**Exercise brief**: The word to find is "Radha". State how many lines below contain it, giving only the number.

**Dataset records**:
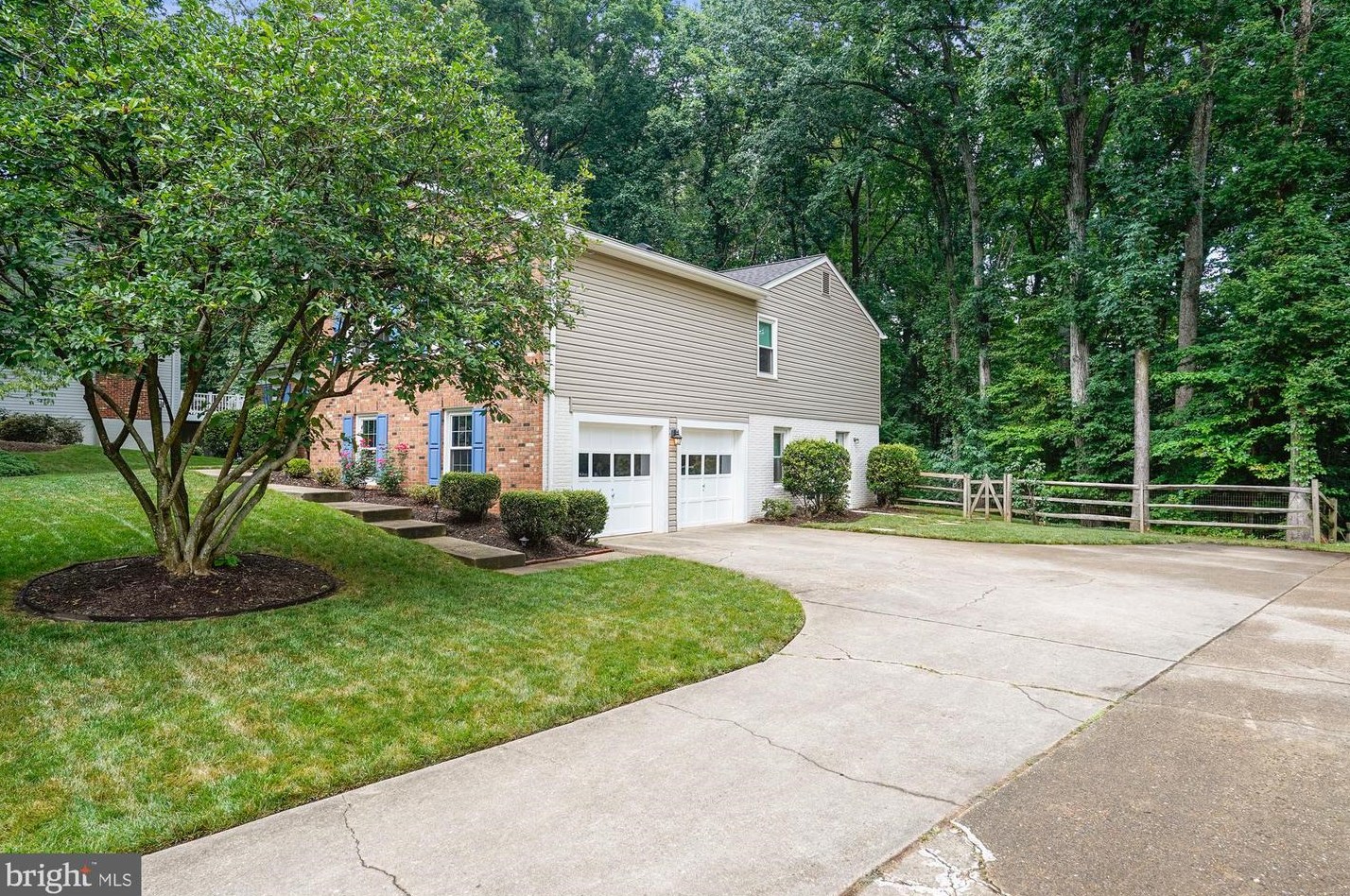 4655 Timber Ridge Dr, Dumfries, VA 22025-1059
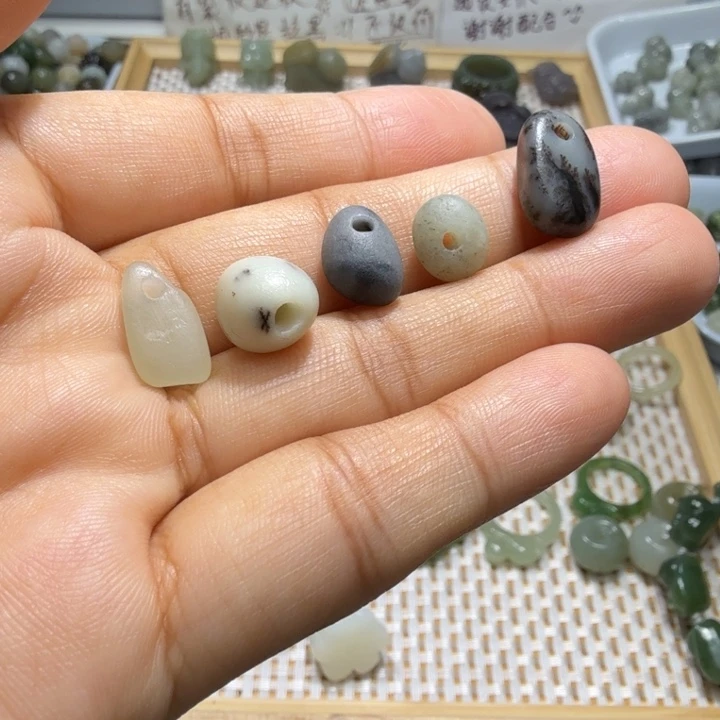 和田玉未镶嵌珠宝半成品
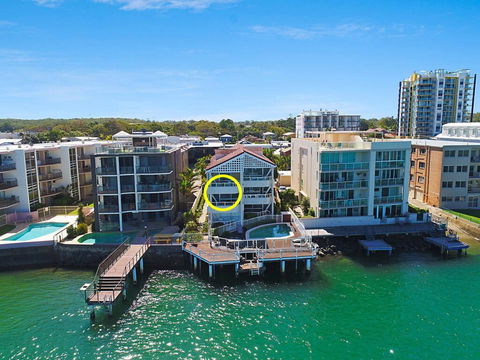 Absolute Waterfront On The Pumicestone Passage - Accommodation Port Macquarie 0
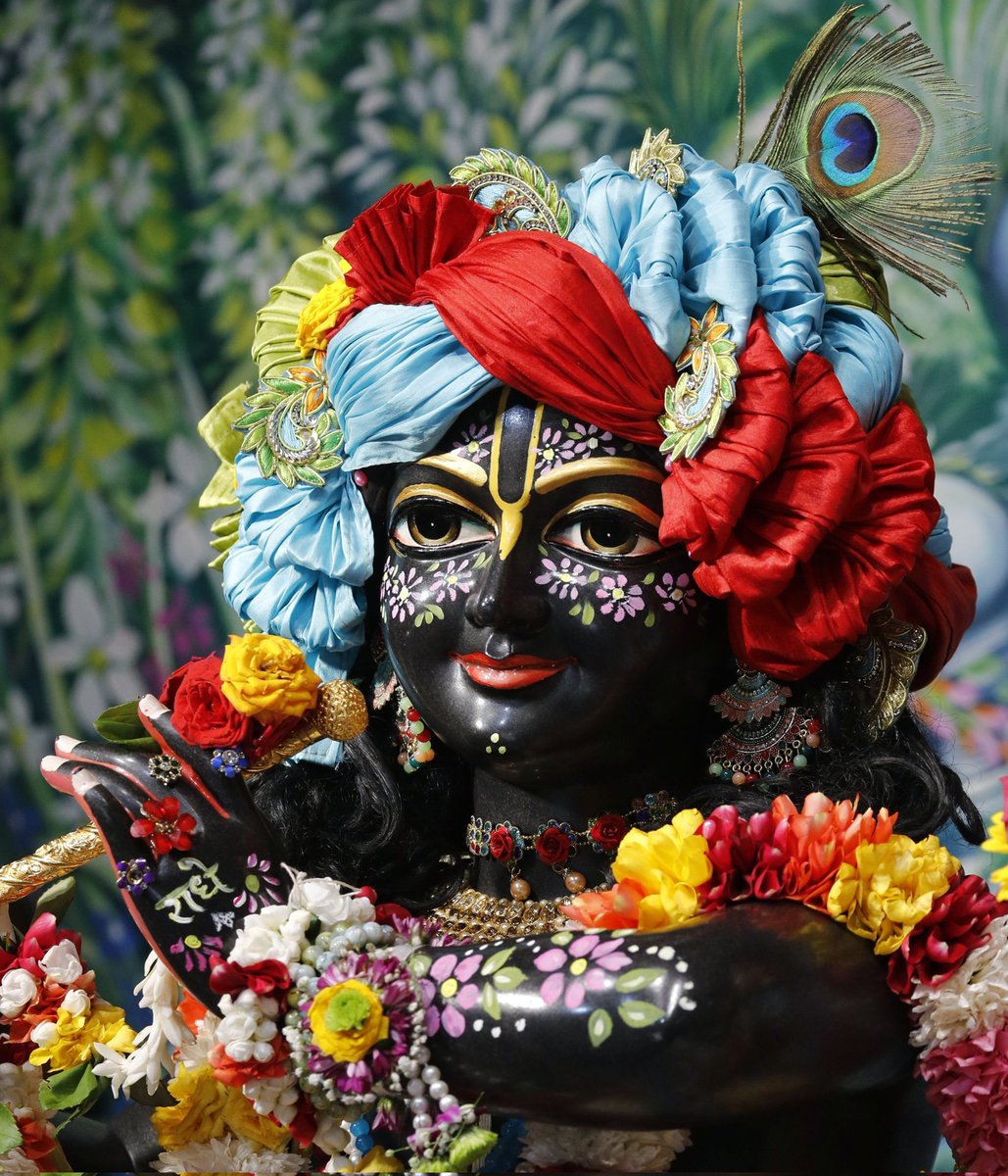iskcon_noida's tweet photo. Hare Krishna,

Jhulan Yatra Day 4.

Let us know in comment section if you like the newly made dress for our Archa Vigraha Sri Sri Radha Govind dev ji.

Sri Sri Radha Govind Dev ji Shringar Aarti Darshan, 30th Aug.

#iskcon_noida #radheshyam #devotional #harekrishna https://t.co/kdISDLSt2r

**Exercise result**: 2